_Task details_
Exactly the lines from the one holding "Foto 01 · CASA" through the last line of the listing below must appear in the answer, and no pictures.

*** Begin section ***

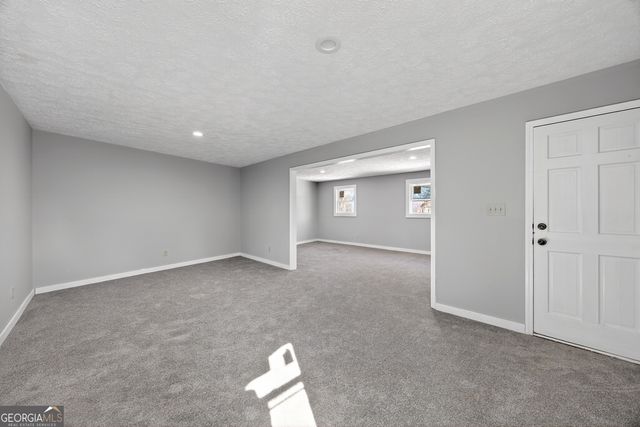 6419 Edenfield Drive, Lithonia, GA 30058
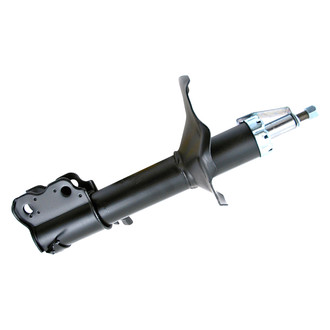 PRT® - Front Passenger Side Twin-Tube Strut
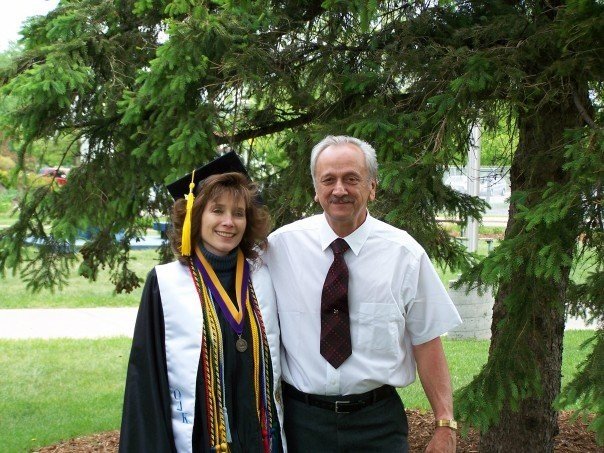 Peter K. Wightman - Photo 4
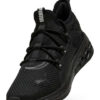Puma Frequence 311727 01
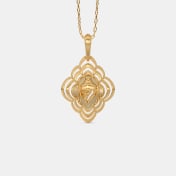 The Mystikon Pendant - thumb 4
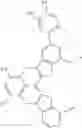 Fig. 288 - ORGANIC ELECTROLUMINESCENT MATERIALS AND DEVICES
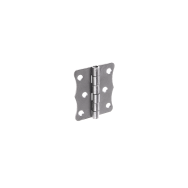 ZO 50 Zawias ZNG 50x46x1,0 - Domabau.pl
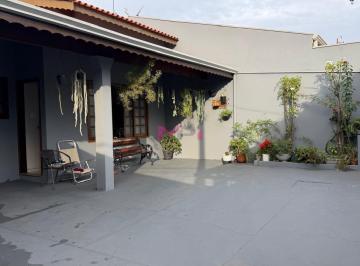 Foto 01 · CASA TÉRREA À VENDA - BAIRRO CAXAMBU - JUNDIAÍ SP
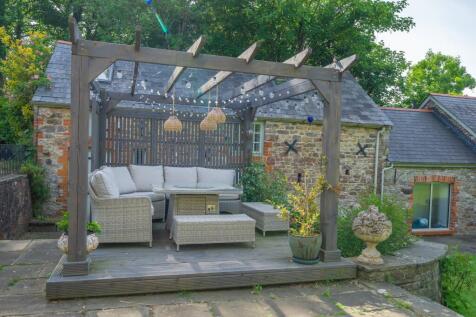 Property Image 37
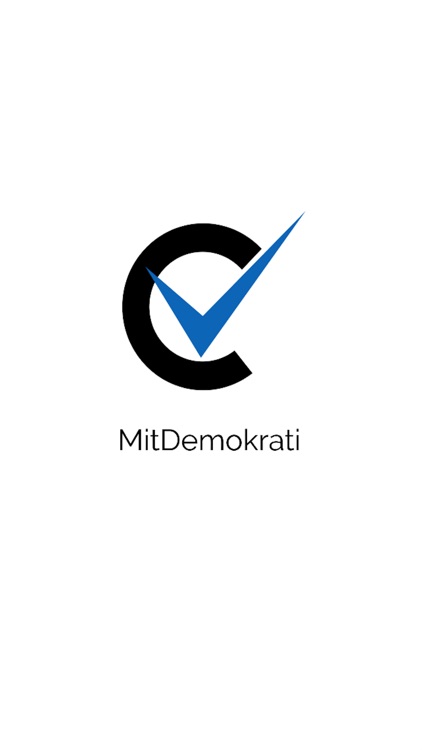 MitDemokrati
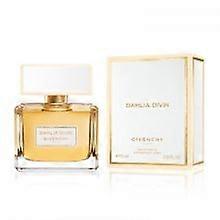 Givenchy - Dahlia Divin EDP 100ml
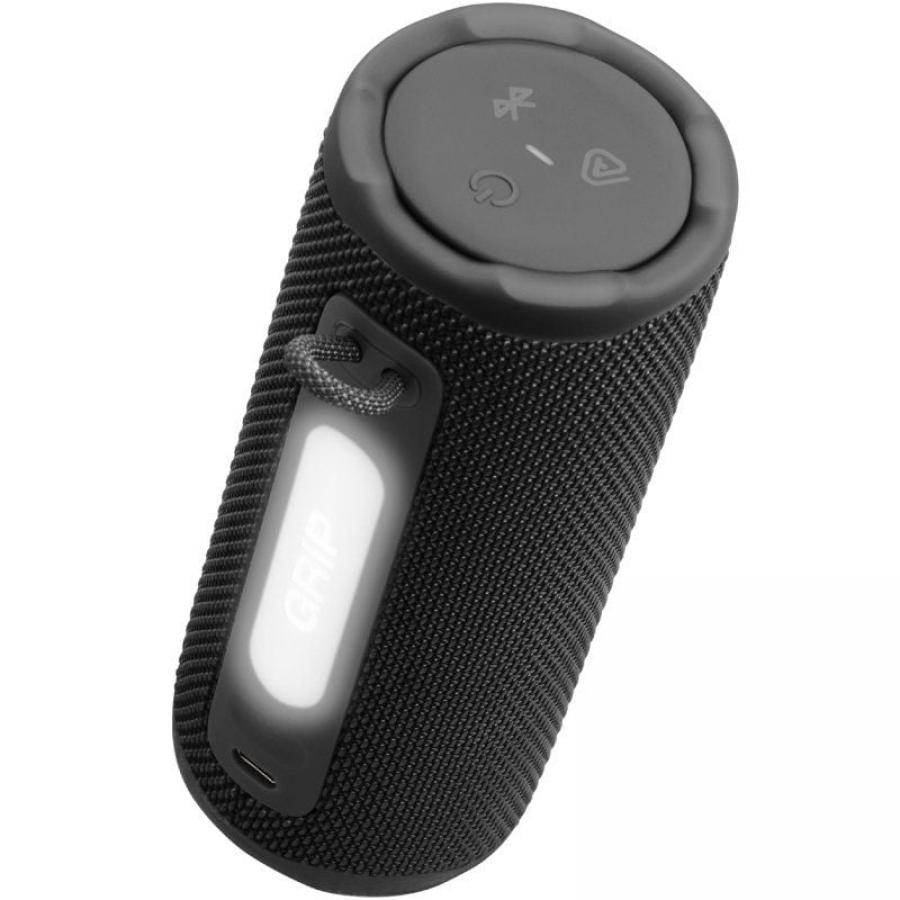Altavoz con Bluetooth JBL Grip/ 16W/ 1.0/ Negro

*** End section ***

_Response to this task_
 Foto 01 · CASA TÉRREA À VENDA - BAIRRO CAXAMBU - JUNDIAÍ SP
 Property Image 37
 MitDemokrati
 Givenchy - Dahlia Divin EDP 100ml
Altavoz con Bluetooth JBL Grip/ 16W/ 1.0/ Negro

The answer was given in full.